= Work instruction =
With the pictures removed, please write out every line below exactly as given.

..............................

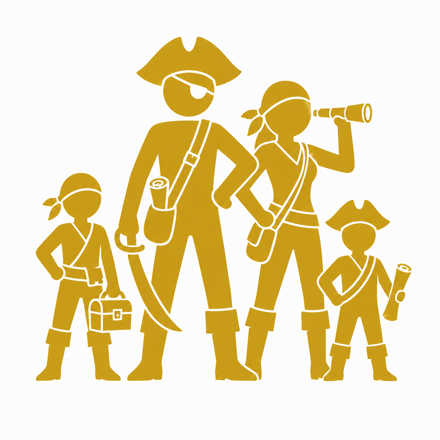 Pirate family crew silhouette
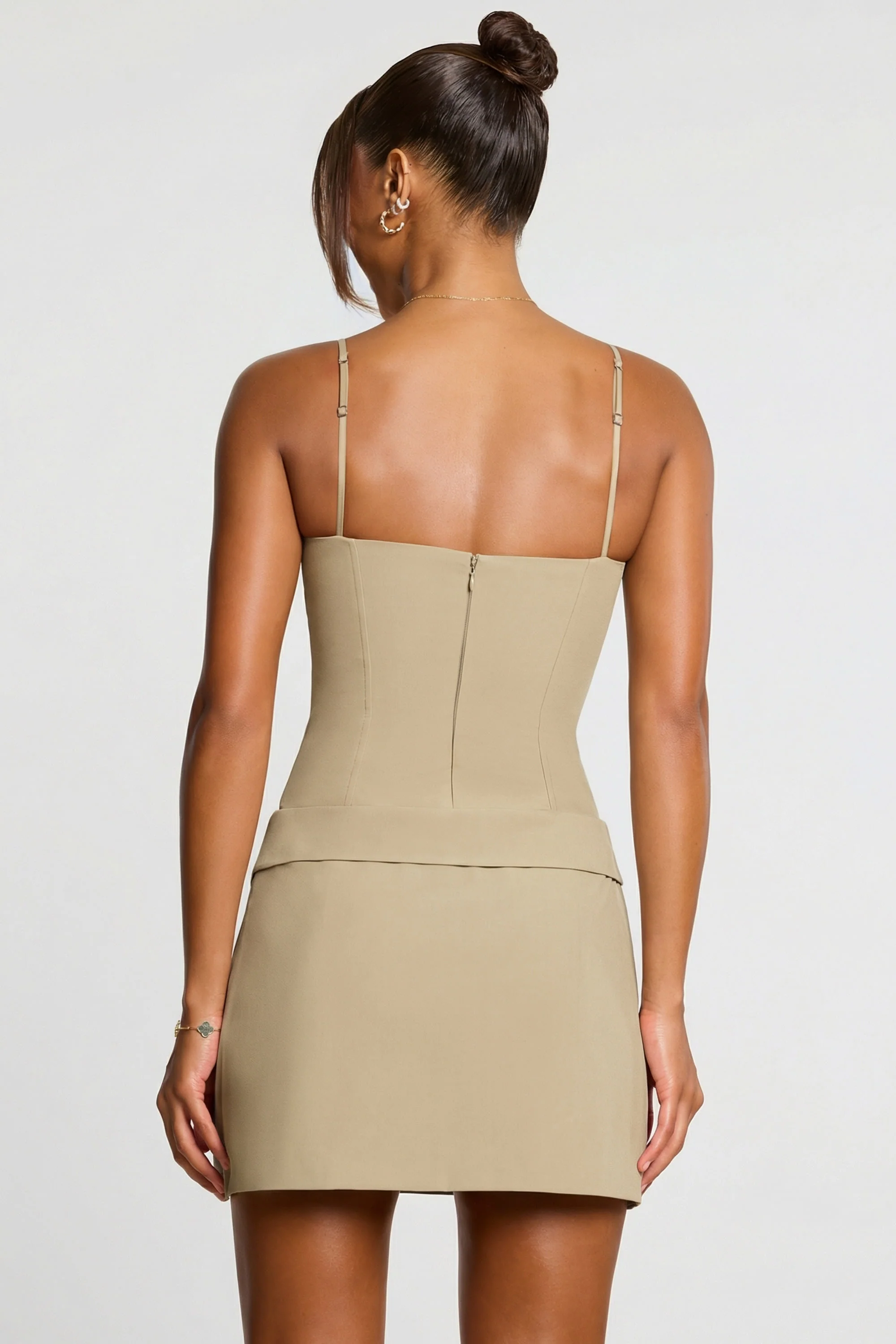 Woven Twill Wrap Over Pleated Mini Dress in Taupe - Image 2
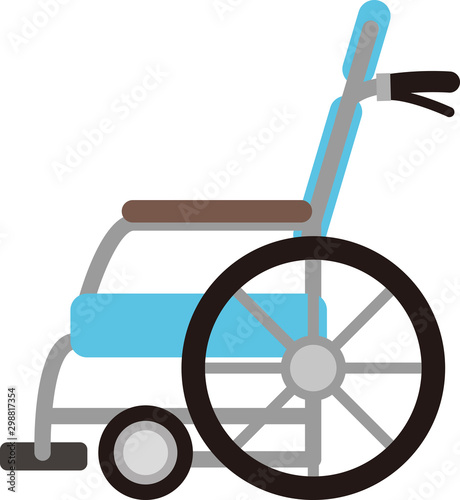 シンプルな車椅子の側面のイラスト
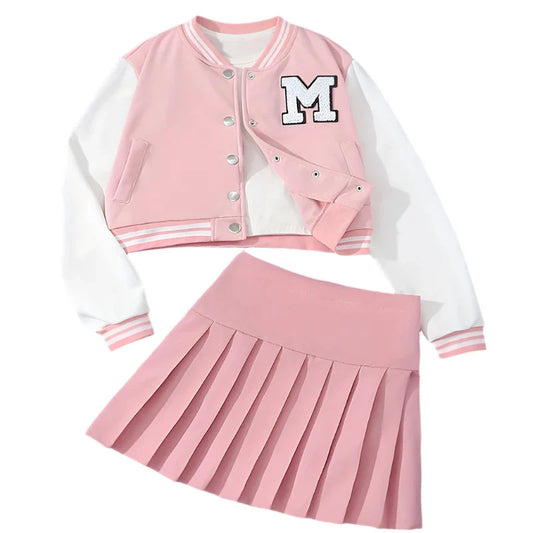 Autumn Winter Girls Letter Embroidery Baseball Uniform Set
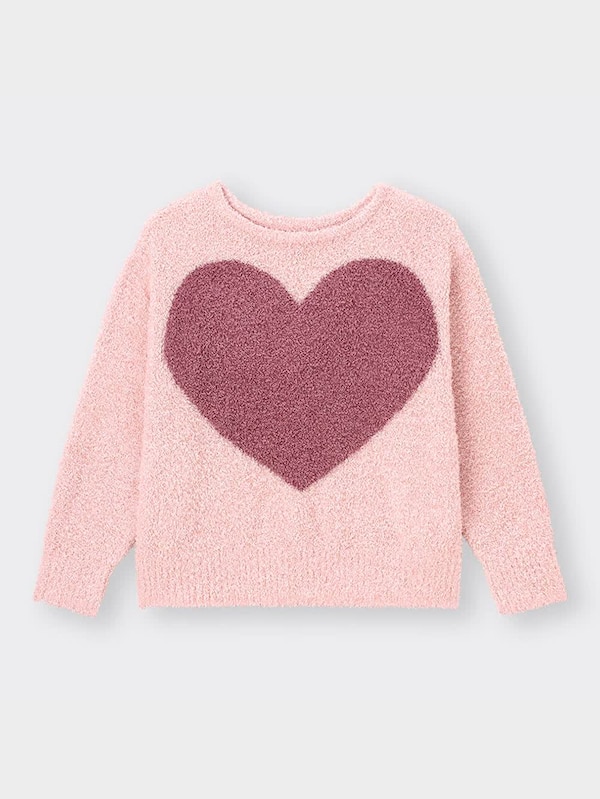 もこもこフィールラウンジプルオーバー(長袖)(ハート)(セットアップ可能)
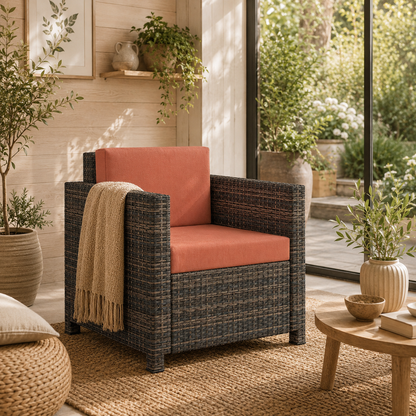 Noette Faux Rattan Brown And Orange Garden Armchair With Cushion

..............................

= Result =
 Pirate family crew silhouette
 Woven Twill Wrap Over Pleated Mini Dress in Taupe - Image 2
 シンプルな車椅子の側面のイラスト
 Autumn Winter Girls Letter Embroidery Baseball Uniform Set
 もこもこフィールラウンジプルオーバー(長袖)(ハート)(セットアップ可能)
 Noette Faux Rattan Brown And Orange Garden Armchair With Cushion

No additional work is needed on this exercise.